The names of the defendants have not been made public, to protect their privacy, but Swiss prosecutors identified Credit Suisse by name in an indictment announced in December 2020.
The charge, which centers on a former manager at the Swiss bank and two members of the criminal ring, follows a years-long investigation into allegations of wrongdoing that apparently took place between 2004 and 2008.
According to AP, the case against the bank revolves around charges that it “did not take all necessary measures to halt the infraction of money laundering” by one of its employees.
Credit Suisse has denied any wrongdoing, saying during the hearing on Monday that it “unreservedly rejects as meritless all allegations in this legacy matter raised against it and is convinced that its former employee is innocent.” The bank added that it “will defend itself vigorously in court.”
The Swiss attorney general’s office said that, after the fall of communism, top-level athletes in Bulgaria “turned towards other sources of income, and numerous wrestlers received approaches from mafia clans.” Thus, one unnamed wrestler aimed to cash in by trafficking tons of cocaine through “mules” from South America to Europe by air and sea and then laundering the profits.
The proceeds from the drug sales entered Swiss bank accounts from 2004 to at least 2007 and were used to buy real estate in Bulgaria and Switzerland in particular, court proceedings show.

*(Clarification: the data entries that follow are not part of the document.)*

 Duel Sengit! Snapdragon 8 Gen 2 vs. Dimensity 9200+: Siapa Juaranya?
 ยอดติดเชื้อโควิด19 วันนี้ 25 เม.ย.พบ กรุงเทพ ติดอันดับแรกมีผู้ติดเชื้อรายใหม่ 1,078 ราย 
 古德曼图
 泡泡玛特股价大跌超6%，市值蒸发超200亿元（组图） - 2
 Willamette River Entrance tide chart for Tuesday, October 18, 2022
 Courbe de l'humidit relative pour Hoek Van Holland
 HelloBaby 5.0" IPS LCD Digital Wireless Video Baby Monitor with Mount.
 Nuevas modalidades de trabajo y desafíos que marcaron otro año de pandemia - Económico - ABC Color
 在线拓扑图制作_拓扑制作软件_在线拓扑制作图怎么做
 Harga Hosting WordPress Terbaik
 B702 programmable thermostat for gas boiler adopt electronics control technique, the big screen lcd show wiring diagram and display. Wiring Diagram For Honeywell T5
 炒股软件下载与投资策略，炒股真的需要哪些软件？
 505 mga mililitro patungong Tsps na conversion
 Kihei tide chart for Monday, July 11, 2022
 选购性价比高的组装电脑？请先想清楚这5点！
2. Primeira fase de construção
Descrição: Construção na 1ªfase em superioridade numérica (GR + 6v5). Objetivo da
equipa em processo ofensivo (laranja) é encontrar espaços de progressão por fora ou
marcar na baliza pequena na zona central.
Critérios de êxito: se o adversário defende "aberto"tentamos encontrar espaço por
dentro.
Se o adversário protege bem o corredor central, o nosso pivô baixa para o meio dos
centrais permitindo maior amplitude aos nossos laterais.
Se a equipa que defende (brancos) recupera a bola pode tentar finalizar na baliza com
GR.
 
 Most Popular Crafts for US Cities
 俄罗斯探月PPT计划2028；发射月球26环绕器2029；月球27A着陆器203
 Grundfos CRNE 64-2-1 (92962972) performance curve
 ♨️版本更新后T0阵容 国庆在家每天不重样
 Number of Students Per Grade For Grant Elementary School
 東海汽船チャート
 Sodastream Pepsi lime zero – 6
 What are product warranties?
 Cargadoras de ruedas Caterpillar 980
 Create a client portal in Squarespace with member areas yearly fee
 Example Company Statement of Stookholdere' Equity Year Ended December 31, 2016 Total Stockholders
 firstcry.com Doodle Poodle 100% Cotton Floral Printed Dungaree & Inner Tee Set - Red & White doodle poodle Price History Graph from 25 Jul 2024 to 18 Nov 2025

Prosecutors said that the wrestler’s “main offense was committed in February 2006, when he transported the equivalent of more than four million Swiss francs (over $4 million) in small denomination notes hidden in his car from Barcelona to Switzerland.”
They also said that a former Credit Suisse executive in charge of business relations with the criminal organization carried out transactions for the ring despite “strong indications that the funds were of criminal origin.”
The executive is accused of preventing the identification of the origin of the funds, which ultimately involved transactions of more than 140 million Swiss francs (about $150 million).
Credit Suisse has consistently rejected the allegations and has said the court could order the “disgorgement of profits” and a maximum fine of about $5 million.